И она не сопротивляется. Всхлипывает, словно смиряется, и по груди проводит нежно, робко. Как в первый раз. Хотя какой там первый раз, тогда по-другому всё было… А сейчас неспешно. Ласково. Нежно. Поцелуй, начавшийся требовательно, почти грубо, сбивается. И теперь они целуют друг друга, изучая, каждую невидимую ранку зализывая.
Руки блуждают по телу, не спеша освобождать от одежды. Не торопясь обнажать, оглаживая ткань рубашки. Её. Его. Цепляясь за пуговицы и снова возвращаясь к шее, ныряя в волосы. Он зарывается носом в ямку между ключицами, чувствуя, что готов молиться на неё. Вот прямо сейчас встать на колени и молиться на женщину, что сейчас лежит перед ним. Приподнимает рубашку подрагивающими пальцами и касается живота, улыбаясь куда-то чуть ниже пупка, глядя, как непроизвольно вздрагивают её мышцы.
Они раздевают друг друга, будто впервые. Открывая каждый сантиметр тела, жадно разглядывая, целуя, касаясь. И когда он берёт её ногу, закидывая на своё бедро, и когда она подаётся вперёд, принимая его, это кажется самым естественным, самым правильным, что хоть когда-либо с ними происходило. Движения медленные, чувственные, томные. И стоны, протяжные, сладкие, на выдохе. Они впервые любят друг друга, по-настоящему, не спеша, отдавая, отдаваясь. И после ещё долго не размыкают объятий, лениво целуя плечи, шею, скулы. Молча. Говорить не чем. Завтра будут разговоры. Или уже сегодня.
Игорь опять просыпается первым. Смотрит на неё, такую нежную, на этих простынях белоснежных, в разметавшихся пшеничных кудрях. На свою женщину. Никому её не отдаст, пусть даже отнять не пытаются. Хватит. Игры кончились.
Мысли все о ней, вокруг неё. Мечты о том, как день проведут. Как вместе будут просто так, не по работе. По-человечески. Как пара обычная.

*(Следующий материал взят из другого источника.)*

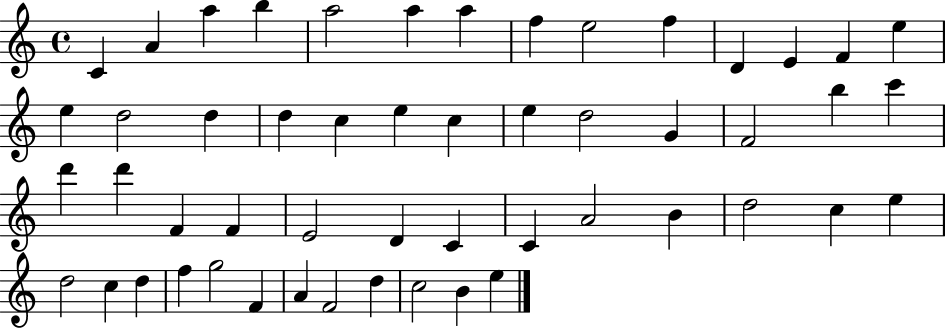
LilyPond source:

{
  \clef treble
  \time 4/4
  \defaultTimeSignature
  \key c \major
  c'4 a'4 a''4 b''4 | a''2 a''4 a''4 | f''4 e''2 f''4 | d'4 e'4 f'4 e''4 | \break e''4 d''2 d''4 | d''4 c''4 e''4 c''4 | e''4 d''2 g'4 | f'2 b''4 c'''4 | \break d'''4 d'''4 f'4 f'4 | e'2 d'4 c'4 | c'4 a'2 b'4 | d''2 c''4 e''4 | \break d''2 c''4 d''4 | f''4 g''2 f'4 | a'4 f'2 d''4 | c''2 b'4 e''4 | \break \bar "|."
} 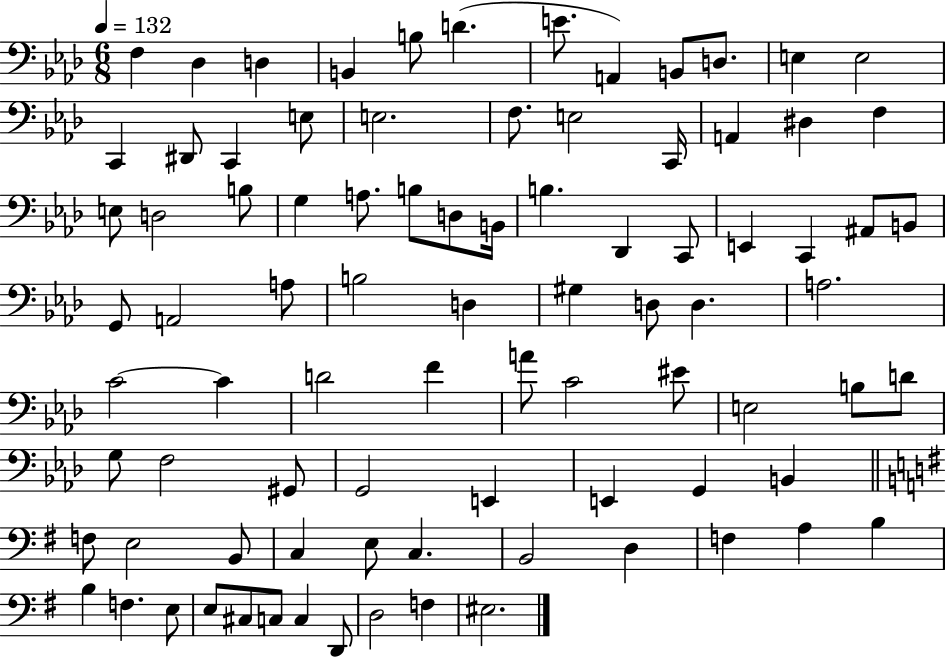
X:1
T:Untitled
M:6/8
L:1/4
K:Ab
F, _D, D, B,, B,/2 D E/2 A,, B,,/2 D,/2 E, E,2 C,, ^D,,/2 C,, E,/2 E,2 F,/2 E,2 C,,/4 A,, ^D, F, E,/2 D,2 B,/2 G, A,/2 B,/2 D,/2 B,,/4 B, _D,, C,,/2 E,, C,, ^A,,/2 B,,/2 G,,/2 A,,2 A,/2 B,2 D, ^G, D,/2 D, A,2 C2 C D2 F A/2 C2 ^E/2 E,2 B,/2 D/2 G,/2 F,2 ^G,,/2 G,,2 E,, E,, G,, B,, F,/2 E,2 B,,/2 C, E,/2 C, B,,2 D, F, A, B, B, F, E,/2 E,/2 ^C,/2 C,/2 C, D,,/2 D,2 F, ^E,2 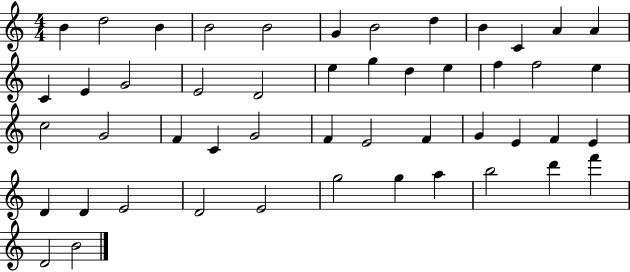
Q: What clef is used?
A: treble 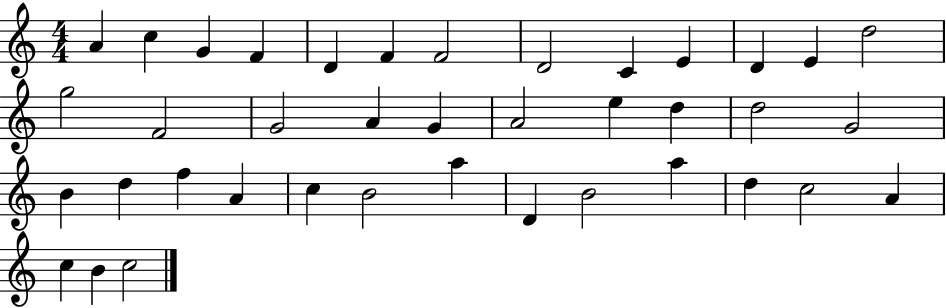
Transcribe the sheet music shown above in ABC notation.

X:1
T:Untitled
M:4/4
L:1/4
K:C
A c G F D F F2 D2 C E D E d2 g2 F2 G2 A G A2 e d d2 G2 B d f A c B2 a D B2 a d c2 A c B c2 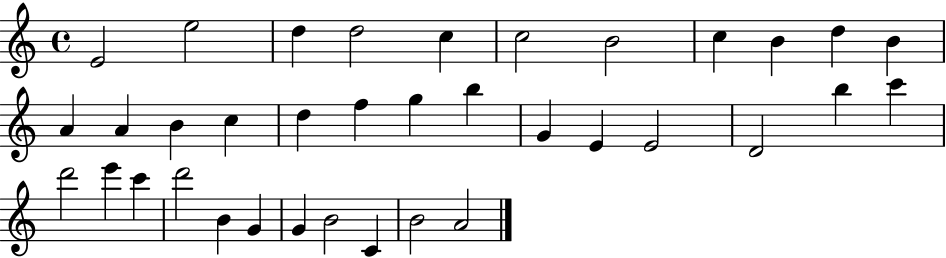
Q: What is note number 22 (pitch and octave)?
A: E4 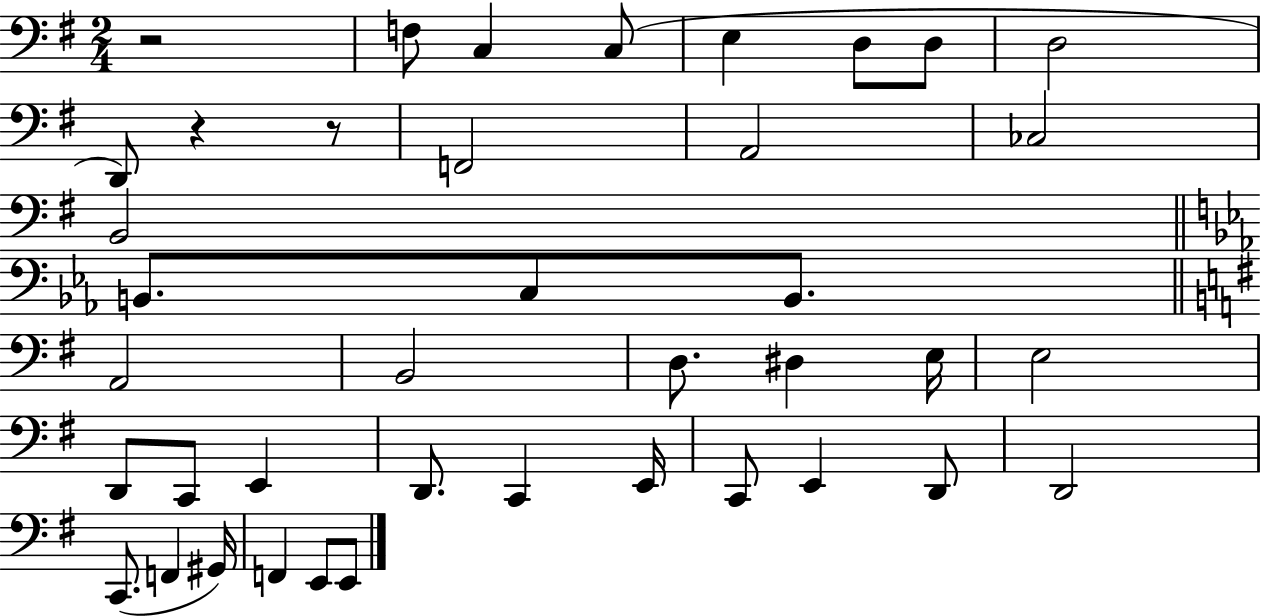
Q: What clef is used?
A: bass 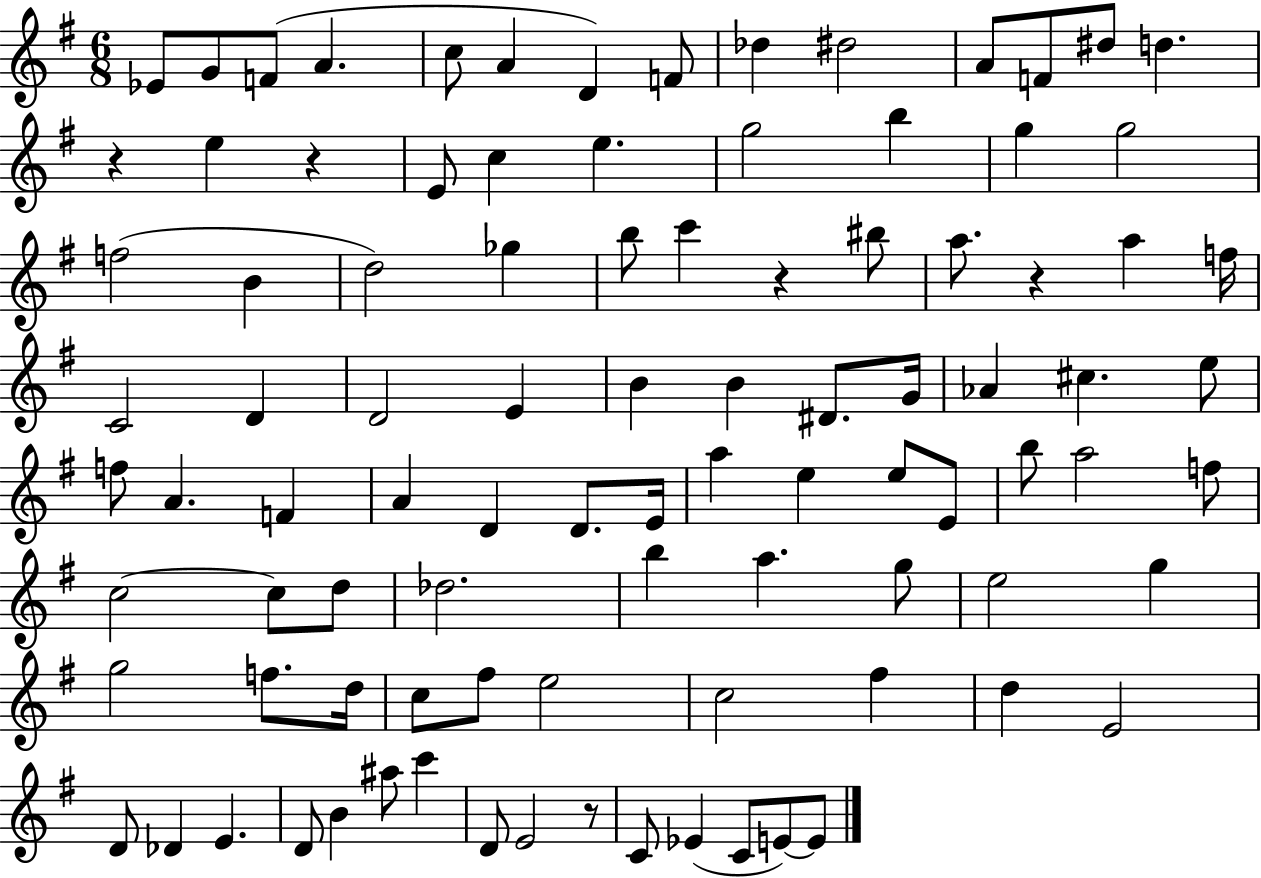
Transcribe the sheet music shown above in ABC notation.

X:1
T:Untitled
M:6/8
L:1/4
K:G
_E/2 G/2 F/2 A c/2 A D F/2 _d ^d2 A/2 F/2 ^d/2 d z e z E/2 c e g2 b g g2 f2 B d2 _g b/2 c' z ^b/2 a/2 z a f/4 C2 D D2 E B B ^D/2 G/4 _A ^c e/2 f/2 A F A D D/2 E/4 a e e/2 E/2 b/2 a2 f/2 c2 c/2 d/2 _d2 b a g/2 e2 g g2 f/2 d/4 c/2 ^f/2 e2 c2 ^f d E2 D/2 _D E D/2 B ^a/2 c' D/2 E2 z/2 C/2 _E C/2 E/2 E/2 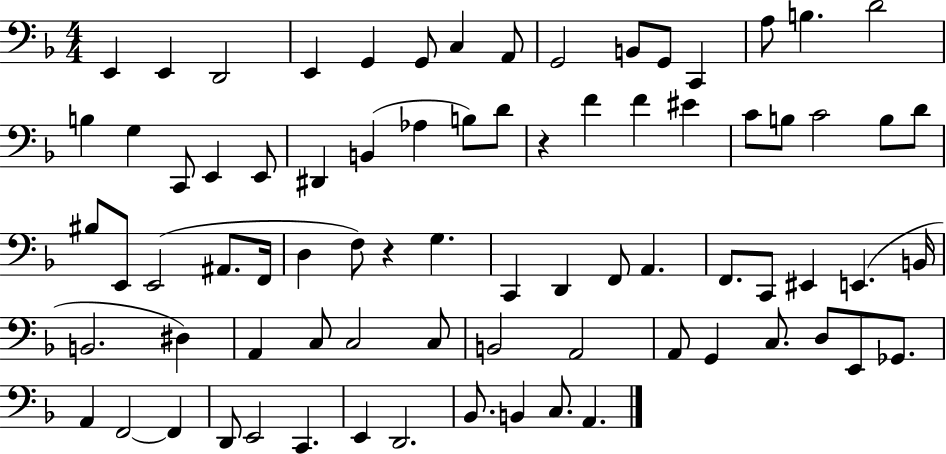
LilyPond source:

{
  \clef bass
  \numericTimeSignature
  \time 4/4
  \key f \major
  e,4 e,4 d,2 | e,4 g,4 g,8 c4 a,8 | g,2 b,8 g,8 c,4 | a8 b4. d'2 | \break b4 g4 c,8 e,4 e,8 | dis,4 b,4( aes4 b8) d'8 | r4 f'4 f'4 eis'4 | c'8 b8 c'2 b8 d'8 | \break bis8 e,8 e,2( ais,8. f,16 | d4 f8) r4 g4. | c,4 d,4 f,8 a,4. | f,8. c,8 eis,4 e,4.( b,16 | \break b,2. dis4) | a,4 c8 c2 c8 | b,2 a,2 | a,8 g,4 c8. d8 e,8 ges,8. | \break a,4 f,2~~ f,4 | d,8 e,2 c,4. | e,4 d,2. | bes,8. b,4 c8. a,4. | \break \bar "|."
}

И улыбка, счастливая, невольно расплывается на лице.
И по хер на Стаса, и на Игнатьева. На всё, что ещё вчера казалось важным. Сейчас важно одно – та, что спит в его кровати. Самый важный человек в его жизни.
Он чувствует, когда она просыпается. Чувствует, хотя ни звука из спальни не доносится. Выглядывает из ванны. Улыбается.
– Ты очень красивая.
Вика молчит. Смотрит прямо перед собой. Ещё не отошла от вчерашнего. Конечно – она ведь не робот.
– Давай проведём этот день вместе. Закажем завтрак. – Он уже предвкушает это – заказать кофе и круассаны, и цветы, чтобы всю комнату заняли. И любить её посреди благоухающего великолепия, снова и снова души касаясь.
– Мы и так проведём день вместе. На работе. – Голос Вики сух. Она злится. На кого? На себя, или на него?
Игорь подходит, садится рядом. Тянется, чтобы её почувствовать, чтобы поцеловать. Но она отворачивается в последний момент.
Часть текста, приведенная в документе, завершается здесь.